Start of Data supplied

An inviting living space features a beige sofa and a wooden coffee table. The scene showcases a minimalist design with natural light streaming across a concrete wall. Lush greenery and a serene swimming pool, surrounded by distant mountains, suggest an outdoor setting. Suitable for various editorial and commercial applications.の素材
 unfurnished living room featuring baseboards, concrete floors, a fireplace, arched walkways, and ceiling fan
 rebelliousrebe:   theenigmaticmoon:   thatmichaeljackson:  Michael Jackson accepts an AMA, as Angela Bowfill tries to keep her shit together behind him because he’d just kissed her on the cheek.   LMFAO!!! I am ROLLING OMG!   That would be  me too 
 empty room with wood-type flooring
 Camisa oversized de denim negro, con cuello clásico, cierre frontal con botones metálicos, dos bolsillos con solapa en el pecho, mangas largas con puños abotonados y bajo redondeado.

End of Data supplied

• Task item: Output every record exactly as written, with nothing dropped.

• Your solution:
An inviting living space features a beige sofa and a wooden coffee table. The scene showcases a minimalist design with natural light streaming across a concrete wall. Lush greenery and a serene swimming pool, surrounded by distant mountains, suggest an outdoor setting. Suitable for various editorial and commercial applications.の素材
 unfurnished living room featuring baseboards, concrete floors, a fireplace, arched walkways, and ceiling fan
 rebelliousrebe:   theenigmaticmoon:   thatmichaeljackson:  Michael Jackson accepts an AMA, as Angela Bowfill tries to keep her shit together behind him because he’d just kissed her on the cheek.   LMFAO!!! I am ROLLING OMG!   That would be  me too 
 empty room with wood-type flooring
 Camisa oversized de denim negro, con cuello clásico, cierre frontal con botones metálicos, dos bolsillos con solapa en el pecho, mangas largas con puños abotonados y bajo redondeado.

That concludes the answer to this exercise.